Postoperative wound infection may be accompanied by severe, persistent, and recurrent inflammation . According to our results, there was no statistically significant difference in the contents of white blood cells, lymphocytes, neutrophils and CRP between the CPSP group and the non-CPSP group after surgery, but this may be related to the fact that we only routinely rechecked relevant biochemical indicators on the first day postoperatively. After discharge, some patients would suffer from out-of-hospital wound infection due to improper nursing or pleural effusion. However, due to the defects of retrospective study, we could not obtain relevant data comprehensively.
In addition, we identified a statistically significant relationship between postoperative subcutaneous emphysema of chest wall and the incidence of CPSP. We diagnosed patients with subcutaneous emphysema of chest wall based on the results of chest radiography (chest computed tomography or chest X-ray) during their postoperative hospitalization. No related literature has been found to prove that subcutaneous emphysema of chest wall is directly related to CPSP. The common causes of subcutaneous emphysema after surgery are leakage of lung tissue and inadequate thoracic drainage . When a patient develops subcutaneous emphysema, the surgeon will extend the indwelling time of the drainage tube or even re-place the thoracic drainage tube after ruling out other causes. The prolonged indwelling time and replacement of thoracic drainage tube may be the possible cause of the increased incidence of CPSP . Since it is the first time an association between subcutaneous emphysema and chronic pain has been found, stronger evidence is needed and the detailed mechanism of the association needs to be further explored. However, this finding reminds us of the importance of patency of postoperative thoracic drainage.

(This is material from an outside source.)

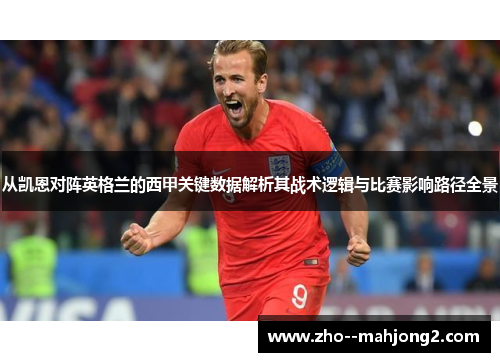 从凯恩对阵英格兰的西甲关键数据解析其战术逻辑与比赛影响路径全景 从凯恩对阵英格兰的西甲关键数据解析其战术逻辑与比赛影响路径全景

Our study has strengths, including the large sample size and comprehensive range of risk factors collection. However, the results should still be interpreted cautiously for several reasons. First, although we collected relevant data as comprehensive as possible, some potential predictors of CPSP remain missed. Information such as psychological status, the detailed postoperative acute pain score, and prolonged chest tube drainage should be included in future prospective study. And we speculated that the addition of these data may increase the area under the receiver operating characteristic curve. Second, since the incidence of CPSP decreased over time , the reported incidence of CPSP of our study may be still underestimated because of the long follow-up time span. Third, for the data collected from in a single institution, the results may be influenced by the selection bias.